Chapitre 14

534 64 11
                                    

Jeudi 14 juillet, 13h30, appartement de Sara et Jelila

L'appartement était terriblement vide. 

C'était une réflexion stupide. Evidemment, que l'appartement était vide; tout comme il l'était tous les jours durant lesquels Sara et Jelila étaient au travail. Et si la seconde n'avait pas repointé le bout de son nez depuis l'altercation de la veille, la première se devait d'aller travailler à l'hôpital, même un 14 juillet... les jours ferriés ne le sont visiblement pas pour tous. Nerveuse, je jetais à nouveau un œil au chapitre sur lequel j'essayais désespérément d'avancer pour me changer les idées. Mais rien à faire... j'étais prisonnière des souvenirs de la veille. Je n'arrivais pas à me les ôter de l'esprit. 

Ce n'était que chose logique; au fond, la seule et unique raison de la dispute entre mes hôtesses était ma présence. Tout était donc bel et bien de ma faute, et même si Sara était trop butée pour l'admettre, mon départ permettrait sans doute de calmer les choses. C'était un revirement assez sévère, après avoir fondu en larme à cause de mes sentiments refoulés la veille... mais, eh. Je n'étais pas monstrueuse. Je n'allais pas me délecter de ce couple en train de se déliter sous mes yeux par ma faute. Je ne sentais plus que du malaise à l'idée de rester dans ce lit, dans ce salon, à lire ces mangas, jouer à cette wii, et manger cette nourriture. C'était presque à en avoir la nausée. 

Une sonnerie stridente retentit, me faisant sursauter au passage. Je ne m'en fis pas. Je l'attendais. Précautionneusement, je me levai du canapé lit en posant sur le côté mon ordinateur, sur lequel ma page de traitement de texte ne s'était guère remplie en quelques heures. Lorsque je me saisis de l'interphone, une boule se créa tout de même dans ma gorge. J'avais l'impression de faire quelque chose de mal... probablement parce que c'était fait dans le dos de Sara, et qu'elle ne voulait pas que je me mêle de ses affaires. Mais c'était aussi mes affaires, maintenant; Jelila n'avait pas laissé planer beaucoup de doute là dessus. Après une longue inspiration, je parlais dans le combiné. 

-A... Allo?

-Je te réveille? 

-... mais je t'ai envoyé un message il y a une demi heure... fis-je remarquer.

-Tu aurai pu te rendormir depuis. Fit remarquer malicieusement la voix de Jonathan.

Je soupirai. Il avait l'air bien trop détendu, comparé à mon état. Je ne savais même pas vraiment s'il pourrait faire quoi que ce soit à la situation actuelle, mais j'avais besoin de quelqu'un de plus proche et qui, accessoirement, ne serait pas vu comme un potentiel rival par Jelila... même si ce n'était probablement pas le parti le plus neutre que j'aurai pu trouver. 

-Non, tu ne m'as pas réveillée. Le rassurai-je. Monte.

-Aaaaah, attends un instant. M'interrompit-il avant que je ne raccroche. 

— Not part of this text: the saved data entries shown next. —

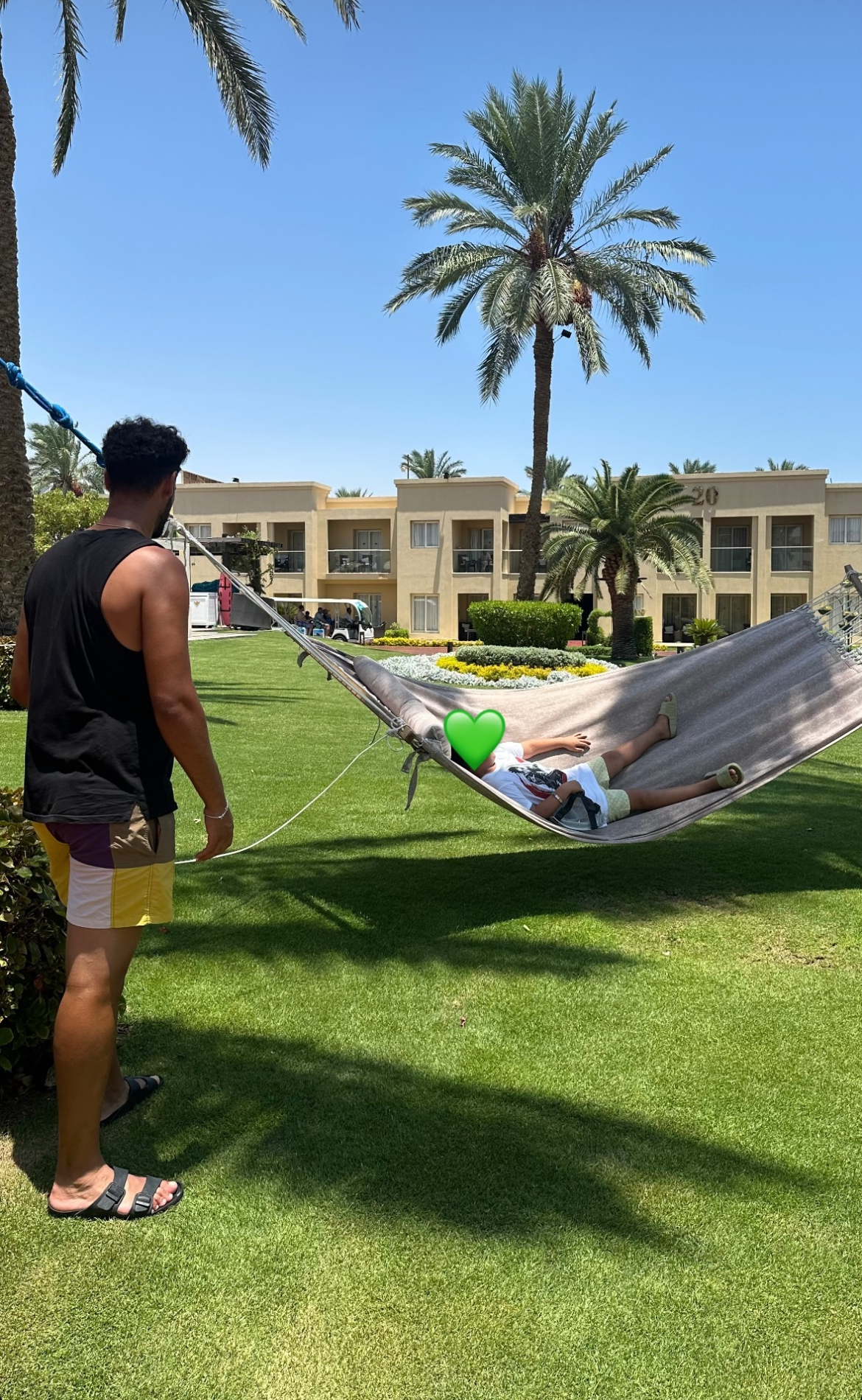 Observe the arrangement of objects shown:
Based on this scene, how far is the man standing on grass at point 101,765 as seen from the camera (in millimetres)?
1894

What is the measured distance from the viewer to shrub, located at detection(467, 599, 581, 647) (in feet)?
58.1

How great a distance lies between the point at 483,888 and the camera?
13.8 feet

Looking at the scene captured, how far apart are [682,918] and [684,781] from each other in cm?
70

Un soupire m'échappa. Si c'était encore une plaisanterie...

-Quoi, encore?

-Tu es sûre que tu es seule, hein? 

La question était stupide... et pas tant que ça en même temps. Sinon, pourquoi mon dos avait-il été parcouru de frisson sur le chemin entre le canapé lit et l'interphone? La crainte irrationnelle de voir une Jelila débarquer de nulle part était tenace. Mais, en l'occurrence

-Oui, je suis seule. Et jusqu'à tard ce soir, à moins que tu n'ai menti sur les horaires de Sara.

-Alors ça devrait être bon. Ouvre, je monte. 

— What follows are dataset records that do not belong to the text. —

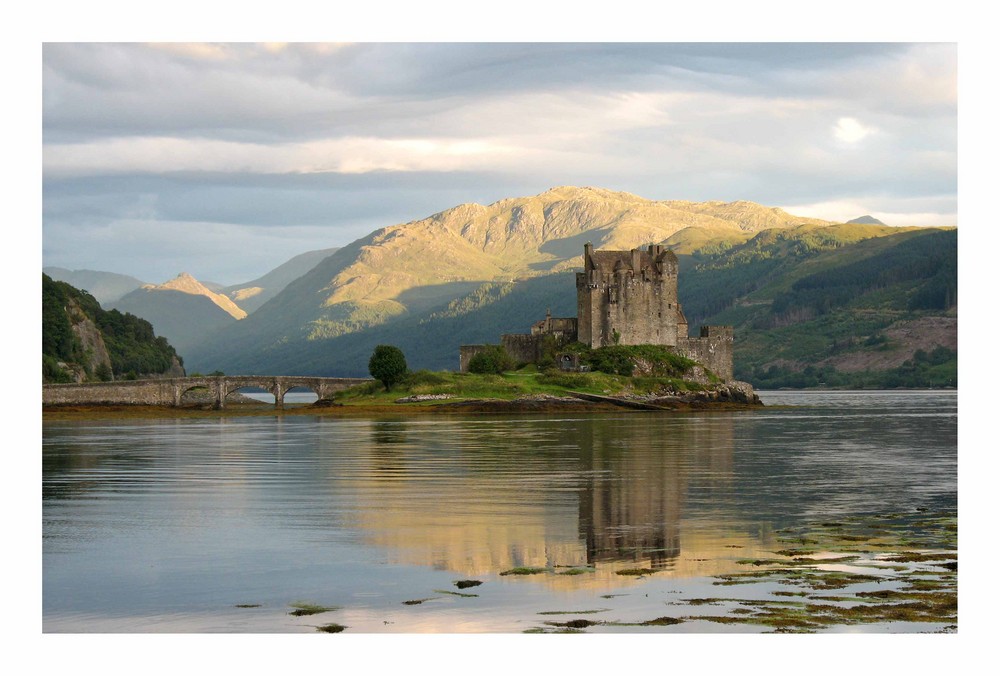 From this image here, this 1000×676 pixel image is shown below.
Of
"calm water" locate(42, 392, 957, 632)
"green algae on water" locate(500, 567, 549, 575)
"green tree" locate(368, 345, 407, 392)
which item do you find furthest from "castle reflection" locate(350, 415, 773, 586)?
"green tree" locate(368, 345, 407, 392)

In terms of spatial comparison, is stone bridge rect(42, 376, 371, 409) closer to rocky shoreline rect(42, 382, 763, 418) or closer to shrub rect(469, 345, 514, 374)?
rocky shoreline rect(42, 382, 763, 418)

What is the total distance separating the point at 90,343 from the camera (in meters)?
161

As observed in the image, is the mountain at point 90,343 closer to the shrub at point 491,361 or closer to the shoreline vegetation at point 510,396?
the shoreline vegetation at point 510,396

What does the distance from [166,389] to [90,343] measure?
39.6 m

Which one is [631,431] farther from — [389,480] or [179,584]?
[179,584]

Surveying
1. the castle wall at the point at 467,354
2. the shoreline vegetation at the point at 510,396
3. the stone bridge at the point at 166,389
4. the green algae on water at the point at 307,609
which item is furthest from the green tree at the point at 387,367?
the green algae on water at the point at 307,609

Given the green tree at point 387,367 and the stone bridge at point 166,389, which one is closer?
the green tree at point 387,367

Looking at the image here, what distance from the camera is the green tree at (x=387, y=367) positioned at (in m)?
111

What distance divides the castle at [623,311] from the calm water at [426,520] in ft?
187

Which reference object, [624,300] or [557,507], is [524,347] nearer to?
[624,300]

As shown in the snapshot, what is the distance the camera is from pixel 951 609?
18.3m

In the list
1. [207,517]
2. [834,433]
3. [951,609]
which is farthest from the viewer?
[834,433] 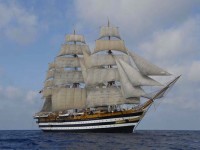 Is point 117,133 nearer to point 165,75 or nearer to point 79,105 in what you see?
point 165,75

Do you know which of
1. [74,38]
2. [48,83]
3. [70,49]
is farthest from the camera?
[48,83]

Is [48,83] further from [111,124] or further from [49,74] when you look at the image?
[111,124]

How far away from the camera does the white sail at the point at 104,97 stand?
70.6 metres

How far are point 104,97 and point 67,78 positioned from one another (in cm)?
1469

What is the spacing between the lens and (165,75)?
200 ft

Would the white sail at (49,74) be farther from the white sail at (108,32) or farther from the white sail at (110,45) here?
the white sail at (108,32)

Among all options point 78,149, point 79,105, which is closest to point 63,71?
point 79,105

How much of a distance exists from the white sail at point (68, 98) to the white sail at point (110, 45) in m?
11.0

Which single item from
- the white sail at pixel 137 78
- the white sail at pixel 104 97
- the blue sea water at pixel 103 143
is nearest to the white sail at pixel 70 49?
the white sail at pixel 104 97

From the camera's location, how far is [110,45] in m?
74.8

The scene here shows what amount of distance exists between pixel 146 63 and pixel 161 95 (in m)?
7.28

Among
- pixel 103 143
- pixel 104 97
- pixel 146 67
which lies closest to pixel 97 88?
pixel 104 97

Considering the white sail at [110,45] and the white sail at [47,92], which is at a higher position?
the white sail at [110,45]

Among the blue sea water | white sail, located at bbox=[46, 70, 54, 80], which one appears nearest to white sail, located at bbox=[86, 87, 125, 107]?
the blue sea water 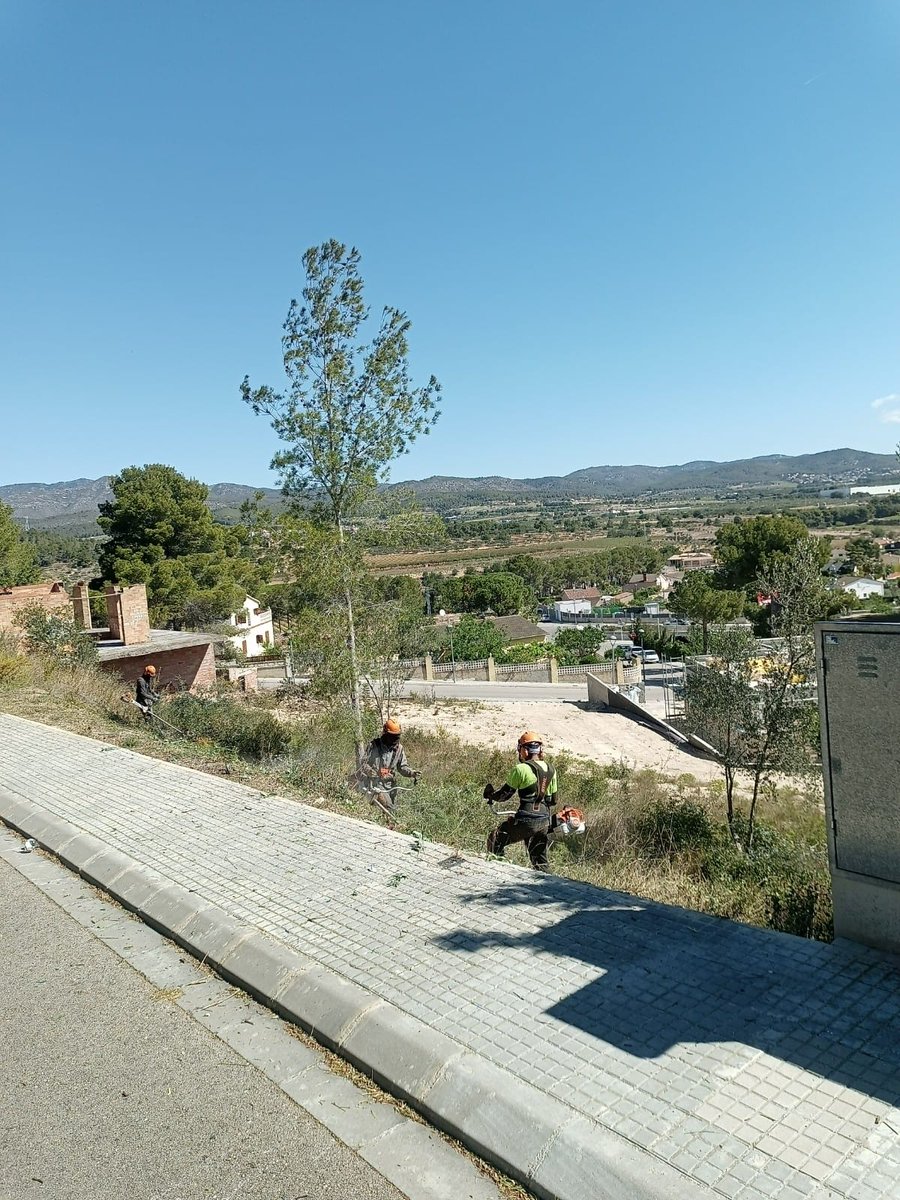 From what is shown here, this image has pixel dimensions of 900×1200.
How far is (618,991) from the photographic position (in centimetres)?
386

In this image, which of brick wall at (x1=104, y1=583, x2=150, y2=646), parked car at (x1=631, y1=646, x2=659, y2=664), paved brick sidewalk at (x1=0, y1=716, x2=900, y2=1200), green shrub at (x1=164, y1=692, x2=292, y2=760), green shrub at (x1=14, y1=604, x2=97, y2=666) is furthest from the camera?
parked car at (x1=631, y1=646, x2=659, y2=664)

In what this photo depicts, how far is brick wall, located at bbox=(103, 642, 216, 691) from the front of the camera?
69.1 feet

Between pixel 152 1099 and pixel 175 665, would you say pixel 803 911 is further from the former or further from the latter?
pixel 175 665

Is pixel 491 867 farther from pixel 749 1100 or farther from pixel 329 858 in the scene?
pixel 749 1100

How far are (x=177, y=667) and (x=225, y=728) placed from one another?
9.09 metres

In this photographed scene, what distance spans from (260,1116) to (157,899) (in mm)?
2338

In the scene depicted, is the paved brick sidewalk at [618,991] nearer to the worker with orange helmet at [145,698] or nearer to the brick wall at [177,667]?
the worker with orange helmet at [145,698]

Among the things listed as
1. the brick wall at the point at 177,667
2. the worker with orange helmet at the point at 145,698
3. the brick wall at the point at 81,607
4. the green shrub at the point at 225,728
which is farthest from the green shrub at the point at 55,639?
the worker with orange helmet at the point at 145,698

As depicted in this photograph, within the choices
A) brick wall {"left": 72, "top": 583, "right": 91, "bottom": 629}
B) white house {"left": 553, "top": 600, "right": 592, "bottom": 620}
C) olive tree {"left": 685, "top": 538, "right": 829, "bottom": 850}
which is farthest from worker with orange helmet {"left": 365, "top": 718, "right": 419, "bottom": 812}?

Je trifouillais quelques secondes sur l'interphone, incertaine de quel bouton permettait de dévérouiller la porte au bas de l'immeuble, jusqu'à entendre un bruit distinctif et très désagréable dans le combiné. Je le raccrochai. Puis me laissai tomber contre le mur. J'étais terriblement épuisée. Le spectre de mon coeur en manque de puissance me faisait un peu peur. Mais je pensais m'en inquiéter une fois les affaires de celui de Sara réglées. Ce ne fut pas l'avis de Jonathan... ou plutôt, du Docteur Fort, lorsqu'il pénétra dans l'appartement.